OK, an update on results with a larger data set. This makes less and less sense.

on Windows 7, using x86_64-w64-mingw32-gcc (mingw64) to compile without any optimizations, my results DO depend on the number of threads. I'll spare you the details, but I get slightly different error counts using 8,7,4,2 and 1 thread. The 1-threaded parallel version matches the serial version, however. It is slightly better than it was before I started this process (1 event in about 5000 is affected, versus 1 in 3000 before).

On Linux, using gcc to compile, the results DO NOT depend on the number of threads (1,2, and 4 tested). The serial version also matches all of the parallel versions. Perhaps even weirder, the serial version on Linux does not match the serial version on Windows (?!) despite being literally identical code.

The line that is causing problems (main.c: 252) uses only either private or read only data. I am about as certain as I can be that there is no cross-talk possible between threads inside this function. And yet if I set up the config file so that this doesn't get used at all, all differences disappear on windows.
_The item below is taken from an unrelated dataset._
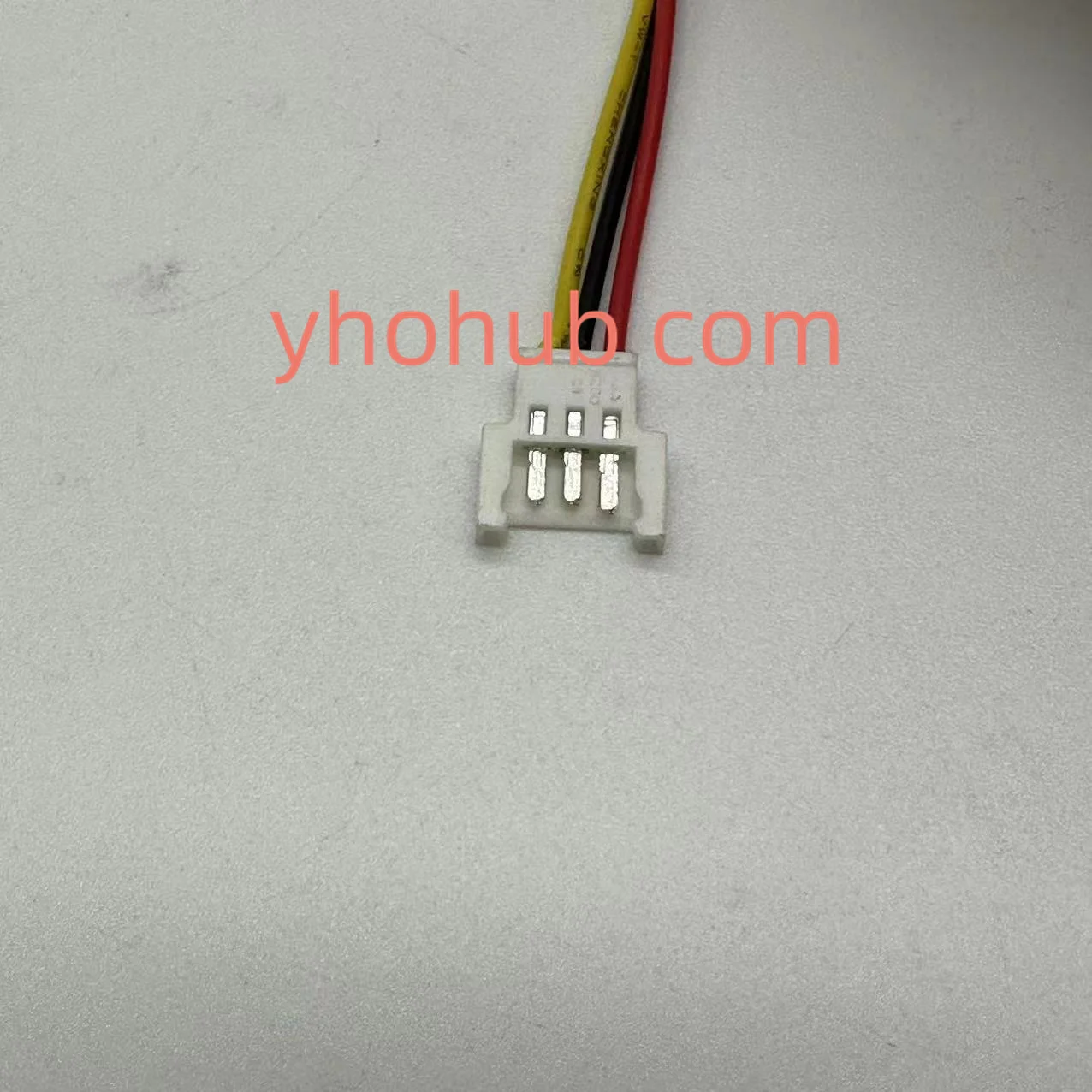 Melco Mmf06j24us Cp2 dc 24v 0.23a 60x60x25 mm Ventilador de Refrigeração do Servidor de Fios - Imagem 4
Basically: https://media.giphy.com/media/WM3HX2cZ3zTry/giphy.gif

Is it possible that I am dealing with a bug in the OpenMP implementation that ships with mingw64? Even that wouldn't explain differences between serial versions on each platform.

My next test will be to cross-compile for windows on my linux box and run the same tests. The cross-compiler is still mingw64 but maybe there are differences between the windows and linux packages. I'm pretty much at a loss.